What looks like the common element in all cases, is that Array 2, goes into theano tick and never comes out again. This causes a hang because all other processes are waiting on recv, so nothing can progress.

RobertElder commented 11 years ago

I looked into this again today, and since my version of numpy is earlier than yours, I tried to upgrade, but after spending 4 hours on this, I can't get it to work properly with 1.7.0. I can get the install to work, but there is some problem with a symbol not being found inside a atlas library, when it goes inside the theano code.

I am currently running 1.6.1, so if you have the motivation, you could downgrade your version and test it out for me to see if that gives you the same error.

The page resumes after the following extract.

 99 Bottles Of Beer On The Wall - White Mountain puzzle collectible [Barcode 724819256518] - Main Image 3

Also of concern is that when I run some of the post installation tests here I get a couple failures in scipy

http://deeplearning.net/software/theano/install_ubuntu.html#install-ubuntu

RobertElder commented 11 years ago

After further investigation it looks like this bug might be caused by a deadlock caused by accessing shared data structures.

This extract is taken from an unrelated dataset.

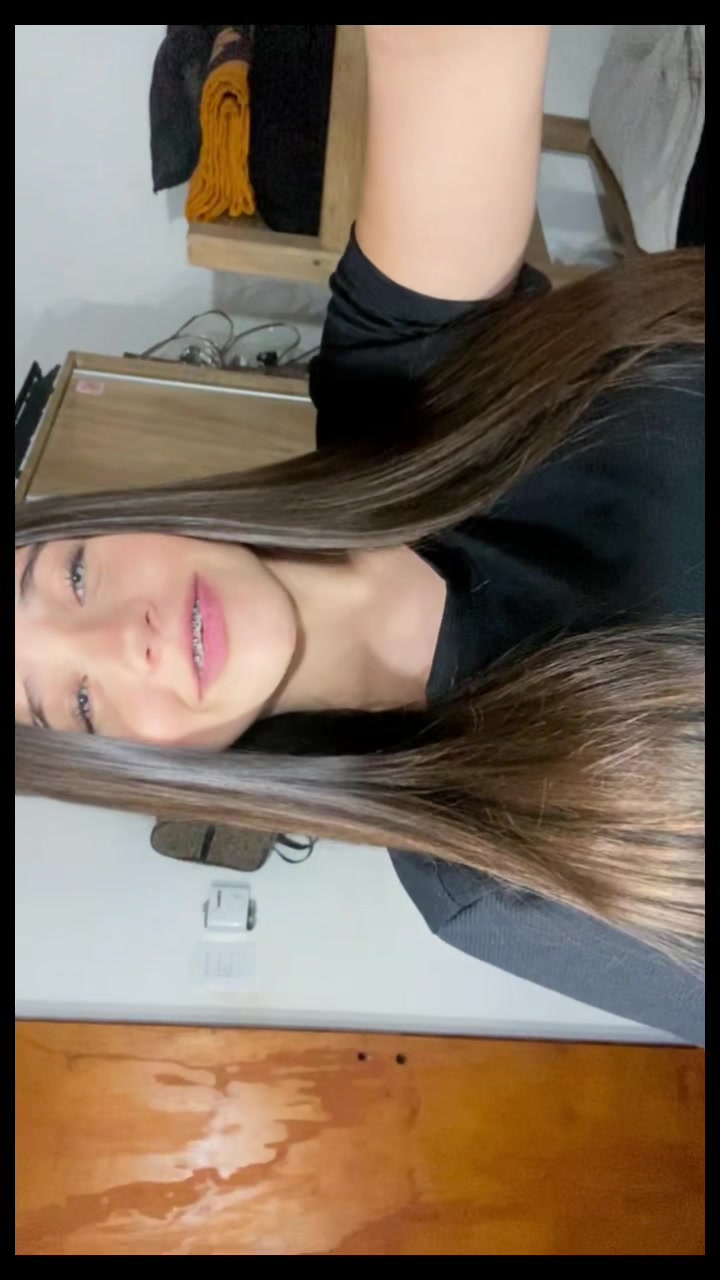 @𝓻𝓮𝓮🖤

A root cause can be traced down to a theano virtual machine extension used to evaluate call graphs.

To replicate my observations you will need to modify one of the C extensions that theano loads.

This file is located at

/usr/local/lib/python2.7/dist-packages/theano/gof/lazylinker_c.c.txt

on my computer.

In this c file, include

include

On line 532, inside the function c_call, replace the line

530 else 531 { 532 err = fn(self->thunk_cptr_data[node_idx]); 533 }

with

530 else 531 { 532 printf("Before err = \n"); 533 err = fn(self->thunk_cptr_data[node_idx]); 534 printf("After err = \n"); 535 }

Delete the theano compiled extension cache or your changes will not be reflected:

sudo rm -rf ~/.theano

On branch error-1-investigation do

./show-error.sh

You will sometimes observe the program hang on the statement

Before err =

Leading me to conclude that the instruction

err = fn(self->thunk_cptr_data[node_idx]);

might be blocking the process into a deadlock.

This error does not happen every time, but I've replicated it on most tries.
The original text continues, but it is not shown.